Gli artigiani, così come altre categorie di imprenditori, chiedono un maggiore coinvolgimento nei processi decisionali. Pezzati sollecita una «cabina di regia per monitorare l’iter dei finanziamenti sino al raggiungimento degli obiettivi. Non dobbiamo arrivare all’ultimo minuto col timore che si perdano i soldi. Serve una tracciabilità della filiera affinché gli importi erogati arrivino a destinazione. Solo così si potranno individuare eventuali responsabilità, siano esse dei burocrati o degli imprenditori, ma soprattutto solo così si potranno usare bene i soldi che Stato, Regione ed Ue mettono a disposizione».

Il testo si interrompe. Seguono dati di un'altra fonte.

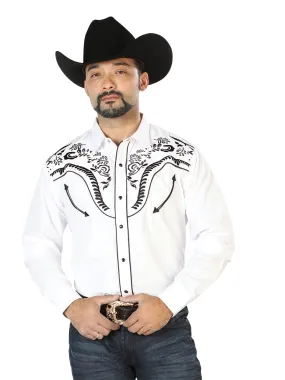 Camisa Vaquera Bordada Manga Larga Blanco para Hombre 'El Señor de los Cielos' - ID: 126692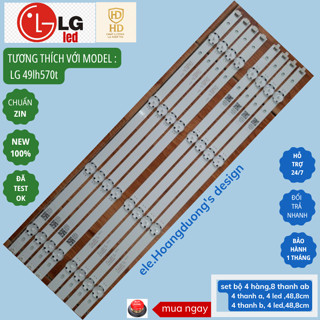 Thanh led tivi LG 49LH570T (set bộ 8 thanh mỗi thanh 4 LED 3V)-ele.hoangduong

Il fatto è che questo flusso di denaro in passato si è arenato e, quando si è riusciti a spenderlo, non ha portato valore aggiunto né per il tessuto economico né per i lavoratori. Anzi, spesso ha finito per accentuare le distorsioni già esistenti. Risultati poco (o nulla) tangibili alla nostra economia ha prodotto pure il sistema delle agevolazioni. È il caso delle Zfu, che prevedevano esenzioni dalle imposte sui redditi, dall’imposta regionale sulle attività produttive, dall’Imu e l’esonero dal versamento dei contributi delle retribuzioni da lavoro dipendente. A Librino non hanno inciso, a Brancaccio idem. Il governo nazionale sta riprovando con le Zes, che puntano ad attrarre investimenti nei grandi porti del Sud per “agganciare” l’aumento delle merci in transito nel Mar Mediterraneo. Con le Zes le imprese potranno beneficiare di importanti bonus fiscali (credito d’imposta per maxi investimenti fino a 50 milioni), semplificazioni burocratiche e oneri amministrativi più bassi. Unico obbligo: mantenere le attività nella Zes per almeno 5 anni dopo il completamento dell’investimento agevolato.

«In Sicilia, anche sul fronte Zes, stiamo accumulando ritardi su ritardi, rispetto ad altre regioni del Sud come la Calabria. E la proroga delle Autorità portuali complica il tutto», dice Michele Pagliaro, segretario regionale della Cgil, convinto che «la politica dei bonus non fa altro che “drogare” il sistema economico. In Sicilia – si domanda – si fa impresa perché c’è un mercato o perché vengono dati degli incentivi?». Pagliaro non nasconde il deficit infrastrutturale e il peso di una burocrazia farraginosa («non dico che ad alcuni imprenditori bisogna fare un monumento, ma quasi»), per non parlare di «un’incapacità progettuale – lo si è visto con il Patto per la Sicilia – che di fatto ha reso il piano degli interventi solo un mero elenco». Ma sono altrettanto alti, secondo Pagliaro, i rischi connessi ad una politica «impostata sugli incentivi e non su programmi industriali: il Jobs Act ne è la dimostrazione». È qui che le posizioni di organizzazioni datoriali e sindacali divergono. «Solo gli incentivi – concorda Claudio Barone, segretario della Uil Sicilia – non si possono aiutare le imprese a creare occupazione stabile. Bisogna intervenire subito abbassando le tasse su lavoro e lavoratori, tra le più alte d’Europa».